De nuevo en Hollywood, George Stevens optó por caminos más convencionales en La historia más grande jamás contada, con un espléndido Max von Sydow. En la URSS, Andrei Tarkovsky introdujo una breve pero significativa representación de la Pasión de Cristo en Andrei Rublev (1966), mientras las autoridades soviéticas le impedían una y otra vez acometer su proyecto más ambicioso, el que nunca llegó a rodar: El Evangelio según San Lucas (tal vez como venganza, se permitió rematar en 1972 la adaptación de Solaris con una onírica versión de la parábola del hijo pródigo, para disgusto de Stanislaw Lem). En 1973, Roberto Rossellini firmó su verdadero testamento cinematográfico (tras haber narrado la vida del santo de los pobres en San Francisco, juglar de Dios), en El Mesías, incomprendida en su momento aunque revalorizada tras la muerte del realizador.
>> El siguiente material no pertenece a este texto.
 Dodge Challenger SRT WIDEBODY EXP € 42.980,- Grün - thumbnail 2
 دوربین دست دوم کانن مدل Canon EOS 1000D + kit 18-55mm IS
Aquel mismo año, Norman Jewison vertió al cine el musical de Tim Rice y Andrew Lloyd Weber Jesucristo Superstar en una película repleta de hallazgos estéticos, rechazada por buena parte de la comunidad cristiana más beligerante y admirada por el Papa Pablo VI, quien, al parecer, deseó para la misma Iglesia con cierta nostalgia un atractivo semejante entre los jóvenes. En 1977, Franco Zeffirelli bebió de las fuentes del arte para un Jesús de Nazaret realizado para cine y televisión, con un Robert Powell moldeado a gusto del director en su intención preclara de traducción pictórica.

El trabajo cinematográfico más polémico en torno a la representación de Jesús fue, y sigue siendo, La última tentación de Cristo, adaptación de la novela de la Nikos Kazantzakis dirigida por Martin Scorsese en 1988. La cinta, al igual que su matriz literaria, evitó la inspiración en los Evangelios para adentrarse en un objeto poético que indagaba en el conflicto, instaurado en Cristo, entre la carne y el espíritu. El estreno se saldó con cines incendiados y amenazas de muerte por parte de fanáticos a quienes les resultaba inadmisible la imagen de Jesucristo compartiendo vida marital con María Magdalena sin obviar el lecho, por más que este fragmento quedara circunscrito en el margen estricto de la tentación que Cristo experimenta en la cruz (daba igual: la mayor parte de los fundamentalistas ni siquiera habían visto la película). La Iglesia, por su parte, condenó la película no por la escena en cuestión sino por su contenido herético, propio del adopcionismo (derivación gnóstica que considera que Cristo no nació siendo Hijo de Dios, sino que fue posteriormente adoptado o arrebatado por el Espíritu) para la solución de la ecuación imposible entre la divinidad de Dios y la corrupción del cuerpo. La polémica ensombrenció en 1989 la muy interesante película de Denys Arcand Jesús de Montreal, que ahondaba precisamente en los riesgos de la representación artística de Jesucristo. En 2004, Mel Gibson llevó a los extremos del sadismo la prefiguración profética del Cordero entregado al suplicio y la muerte para la redención de la humanidad en La Pasión de Cristo. Y un caso especialmente cercano es El discípulo, de Emilio Ruiz Barrachina, con un Jesús ya finalmente desprovisto de consideraciones divinas y tocado de rigor histórico. Pero esta historia sigue. Apenas ha empezado.